Archival research and creative methods
Archive work and historiographic research are activities that require methodological rigor but have also been theorised as demanding a good dose of imagination2. The project to translate and restage the drama Correio Braziliese, supported by von Schlippenbach research funding in 2022, represented an opportunity to explore a historical source recently found at the BBC archives though creative methods. Two factors were important in conceptualising its restaging. First, as the BBC LAS productions during the 1940s had a very limited budget, they were usually recorded not by professional actors, but by the journalists and other staff members working at the Section. This understanding helped the students to embrace an amateur theatre approach to the script. Secondly, the fact that there is no recording of the original performance of the play – and the limits imposed by the sound effect indications in the script – demanded from the students both research and translation skills, as well as historical imagination.
From a pedagogical perspective, the process gave the students an immersive experience in linguistic and historical research: they had to find translation solutions for a drama written in the 1940s, set in the early 19th century, and restaged in the 21st century. From a research perspective, recording the drama also had an interesting impact on our reading of the script: performing the lines written by Callado highlighted and brought to the fore some dramatic strategies implicit in the script. For example, the role of irony in some of the dialogues, particularly when power dynamics were being represented, such as in the conversation between Da Costa and Southey.
One of the project’s aims was to use a WW2 radio drama to foster a deeper understanding of the complex relationship between aesthetics, media, and political propaganda, in both historical and contemporary contexts. It aimed at engaging students, and the public, through a combination of teaching, research, and dissemination.
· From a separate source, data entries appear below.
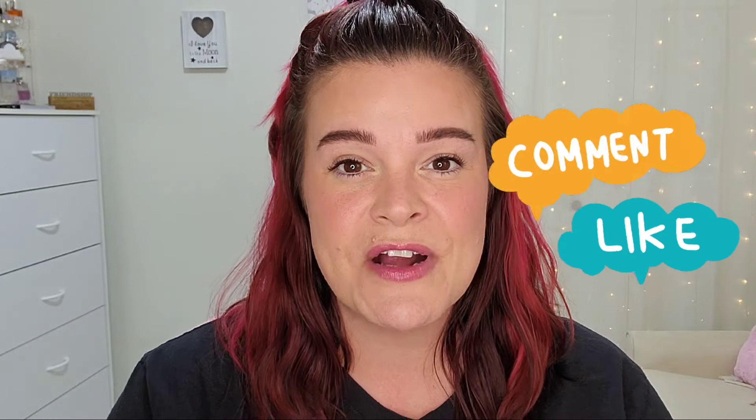Hey beauties, it's Riri! If you're new here, I'm an over-40 lover of all things beauty and I love showcasing indie brands here on my channel. If that sounds like your cup of tea, please consider subscribing and give the video a thumbs up. There's also a join button right down there that you can click to become a channel member for some exclusive perks.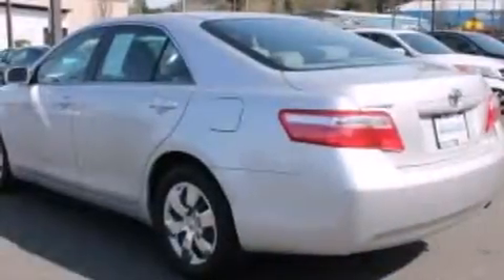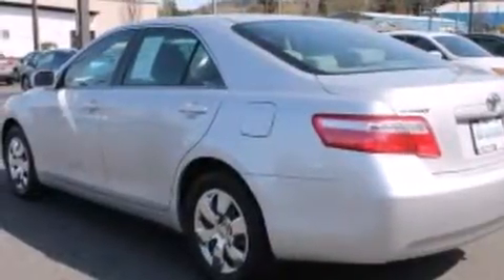This is a 2009 Toyota Camry. It features a 2.4-liter four-cylinder engine and an automatic transmission.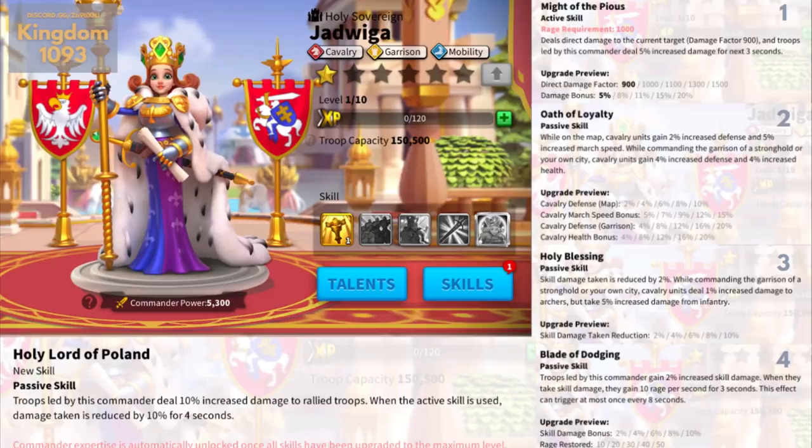Third skill: skill damage taken is reduced by up to 10% — this is a Saladin-like skill. While commanding the garrison of a stronghold or city, cavalry units deal extra 1% increased damage to archers but take 5% increased damage from infantry. I believe there is something missing from this screenshot right here and this will scale up, maybe to 10% increased damage to archers and 5% or 10% extra damage from infantry — I don't know, this doesn't make sense otherwise. Fourth skill: troops led by this commander gain up to 20% increased skill damage. When they take skill damage, they gain up to 50 rage per second for 3 seconds.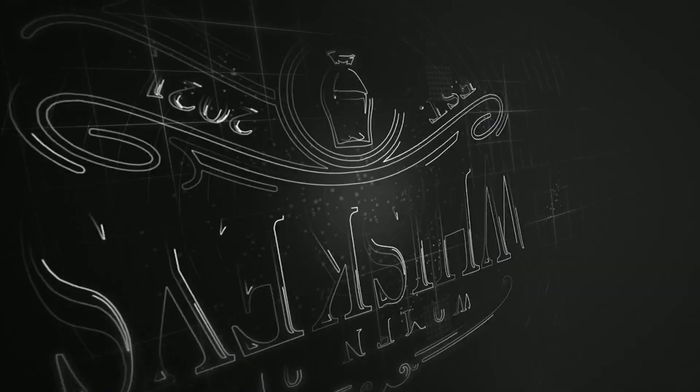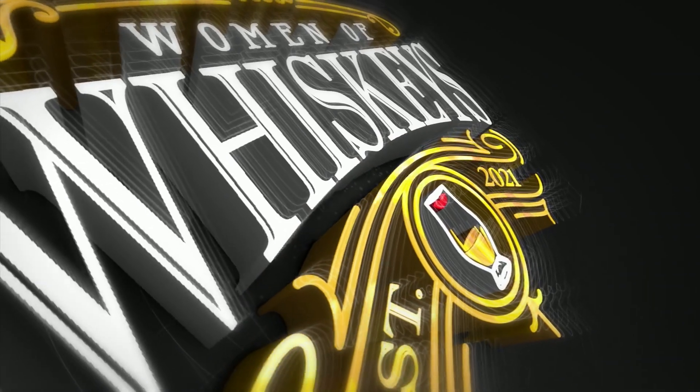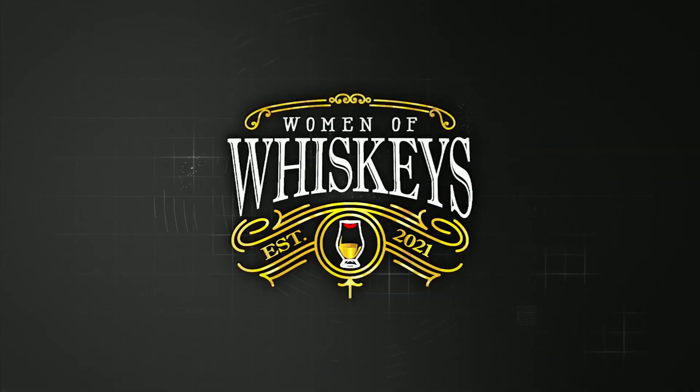Hi everyone, it's Michelle with Women and Whiskies. Thank you for joining me. On today's quick review, we're going to be talking about Indri Trini single malt Indian whiskey.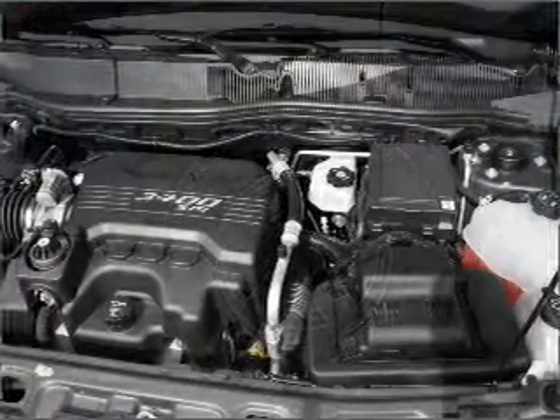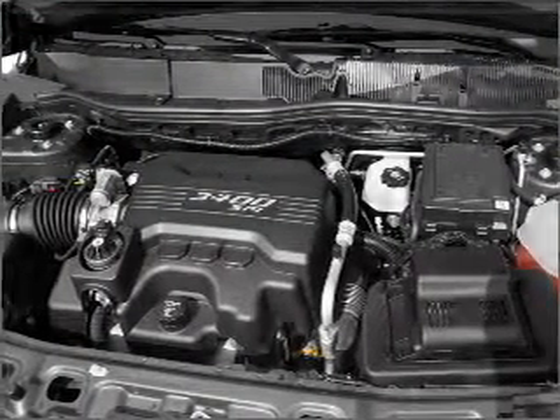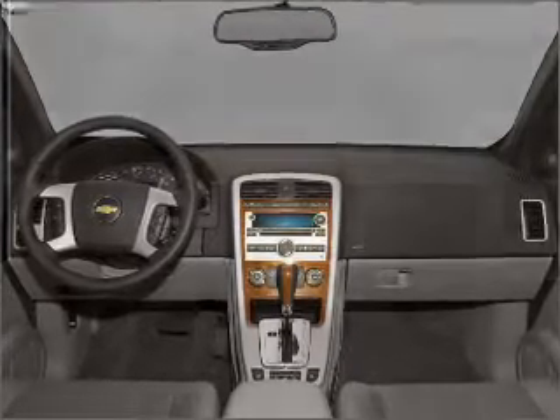Air conditioning, power door locks, power windows, power steering, cruise control, power mirrors, an alarm system, an AM/FM stereo with a CD player, and an adjustable tilt steering wheel.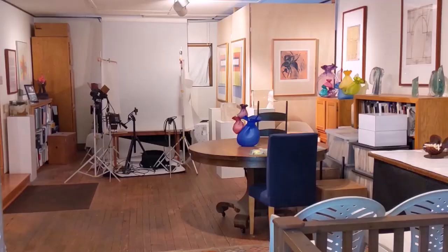Welcome to our studio. I'm John Littleton. Come on in. Hi, I'm Kate Vogel. John and I have been collaborating for a number of years. Come on in. We'd like to show you our studio today.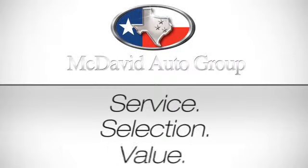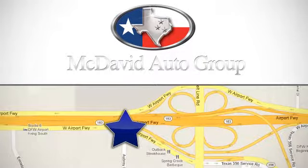Service, selection, value. Only at David McDavid Honda of Irving. We're conveniently located at 3700 West Airport Freeway in Irving, Texas.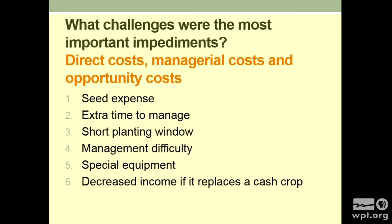We asked them what challenges were the most important impediments or issues with cover crops. Cost shows up a lot: direct costs, managerial costs, opportunity costs. The top six: seed expense is number one; extra time to manage — these vegetable operations are very intensive, maybe only three to four acres but a lot of time; short planting window — another management issue; management difficulty — extra work again; special equipment — a direct cost you have to buy, rent, or borrow; and opportunity cost — putting that cover crop in means you're not planting a vegetable you could be selling. Cost, cost, cost.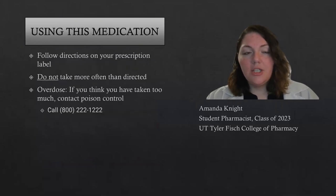When you're taking this medication, you want to make sure you follow the directions on your prescription label and not take it more often than directed. If you do think you've taken too much, you want to contact poison control. Some signs of that would be low blood pressure.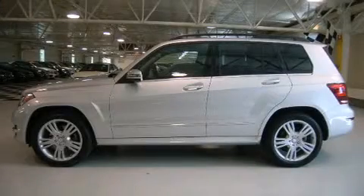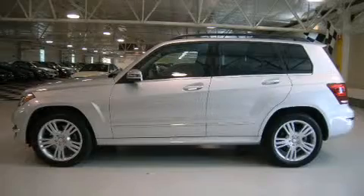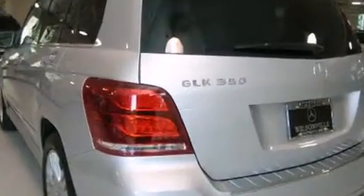Take command of the road in the 2013 Mercedes-Benz GLK class. With fewer than 15,000 miles on the odometer, this four-door sport utility vehicle prioritizes comfort, safety and convenience.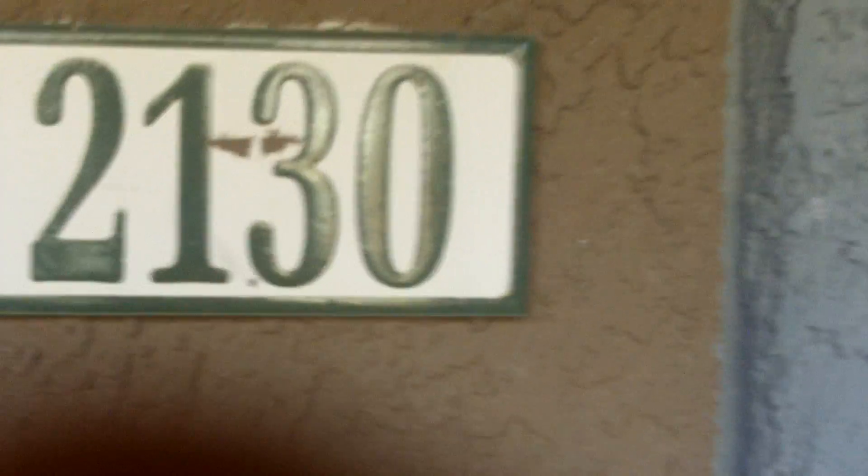Hi, Brian Clare here. I'm at unit 2130 at 555 East Silverado — an upstairs unit, not too far from the one we looked at the other day.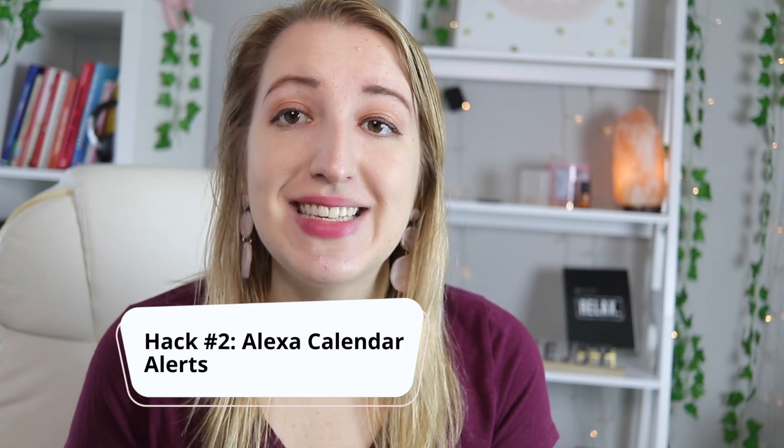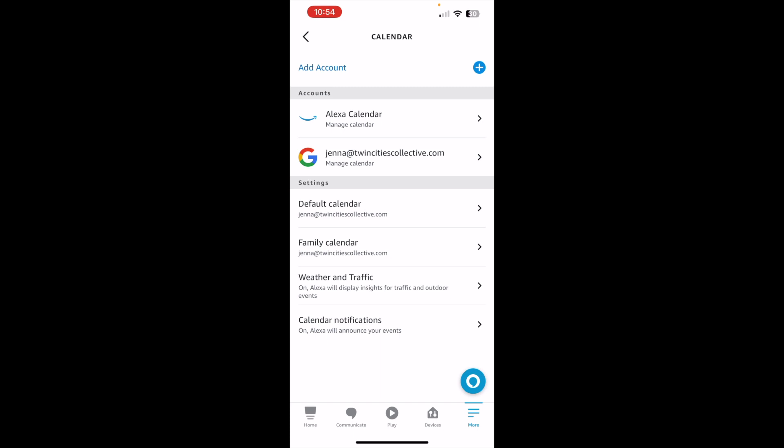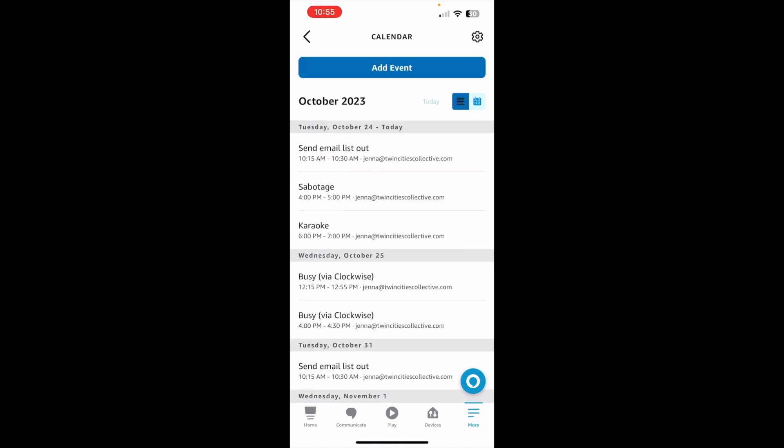Hack number two is syncing your Amazon Alexa with your calendar. About 10 minutes before every meeting, it reminds me — sometimes I'll be deep in work and don't want to miss a meeting. I've definitely almost missed meetings, but because of this system, I haven't. In the Alexa app, click Calendar in the More area, go to settings, and click Add Account. You can add your Google, Microsoft, or Apple account. Once synced, it'll automatically announce your events out loud.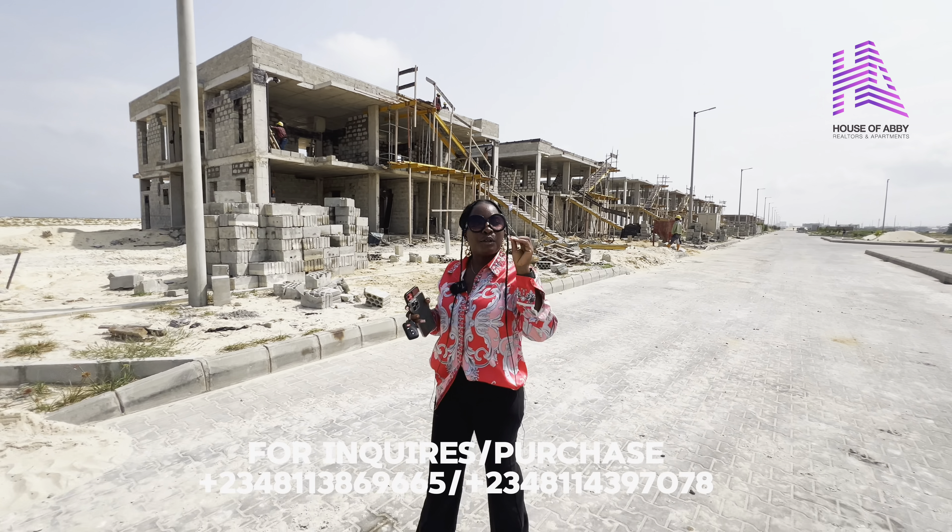You can start building your dream home right in this estate. It is easily accessible to everywhere. This is just opposite Osaka London, where you have one of the biggest shopping rights around these houses. So you don't want to miss out on this.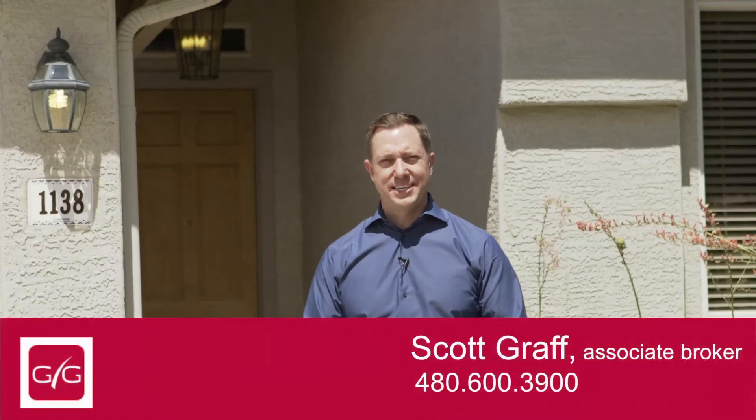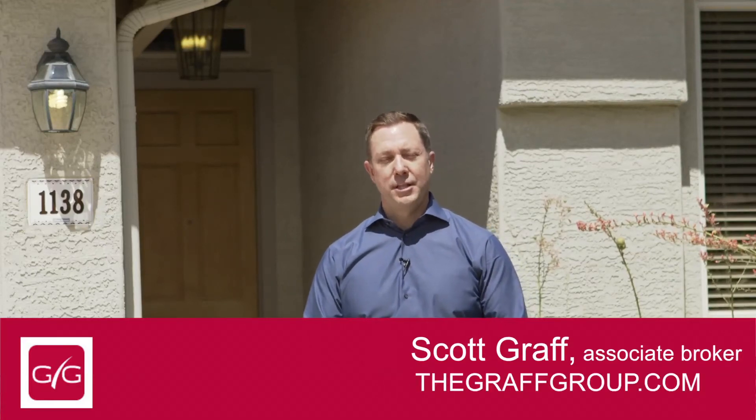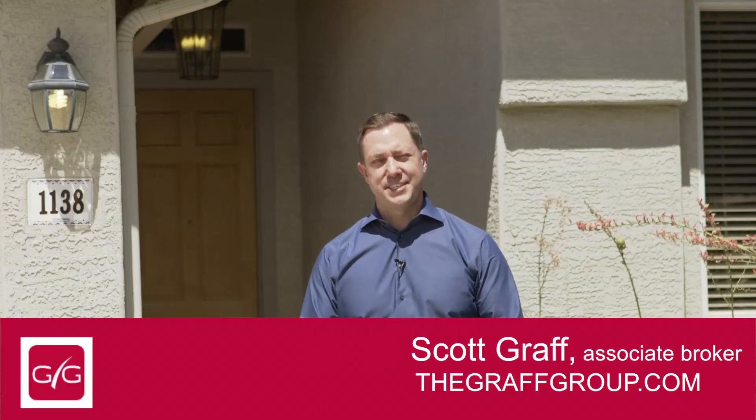If you'd like a private tour of this home, give us a call at 480-600-3900, or if you have a friend or family member that's interested in this area, visit us online at thegrafgroup.com or merely share this video. Thanks for visiting today.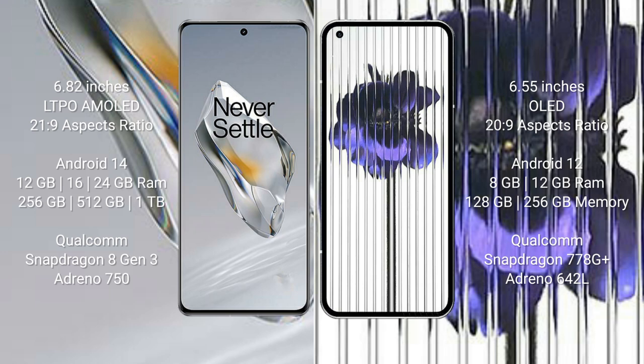OnePlus 12 runs on Android 14 operating system; Nothing Phone 1 runs on Android 12. OnePlus 12 comes with 12GB, 16GB, or 24GB RAM and 256GB, 512GB, or 1TB internal storage, with a Qualcomm Snapdragon 8 Gen 3 processor and Adreno 750 GPU. Nothing Phone 1 comes with 8GB or 12GB RAM and 128GB or 256GB internal storage, with a Qualcomm Snapdragon 778G Plus processor and Adreno 642L GPU.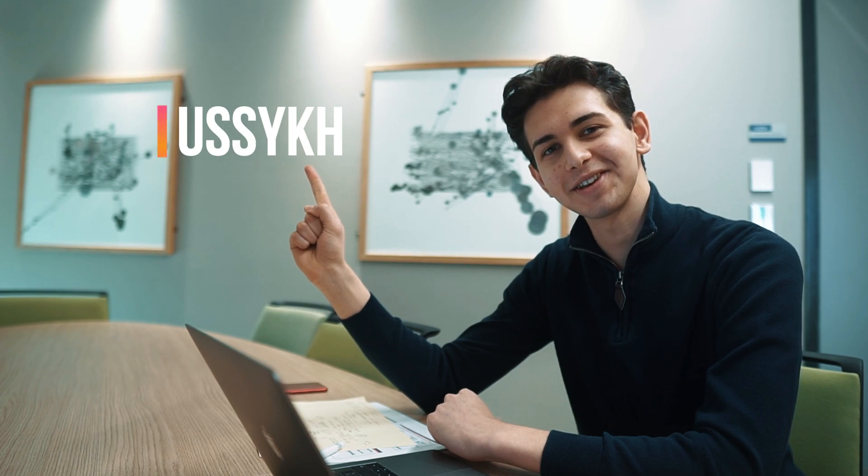Thank you very much for listening. If you have any questions or just want to follow me, here's my Instagram. Thank you.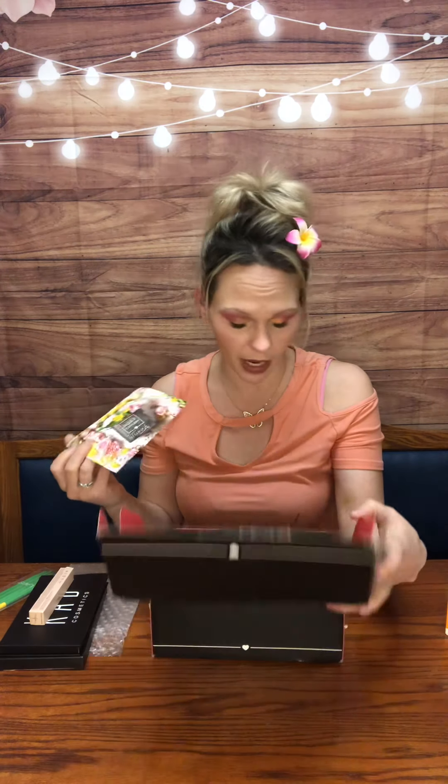And that is all that I got in this month's BoxyCharm base box. I also have my premium box, but I am going to film those videos separately because it's going to make a really long video if I do them both together. So I'm going to hop off here and hop back on to do my premium box. Be sure to look out for that. Thank you so much lovelies, and we will see you soon.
The ways in which these practices cross-fertilized each other were, in the end, unexpected but very rewarding.
1 For more on the relationship between propaganda and entertainment in BBC LAS programmes during WW2, see Mandur Thomaz, Daniel (2022) Propaganda and Entertainment in the BBC Latin American Service During WW2, Media History, 28:1, 142-159
2 See, for example, Gale and Featherstone (2011). "The Imperative of the Archive: Creative Archive Research", in Research Methods in Theatre and Performance, edited by Baz Kershaw and Helen Nicholson, 17-40, Edinburgh University Press.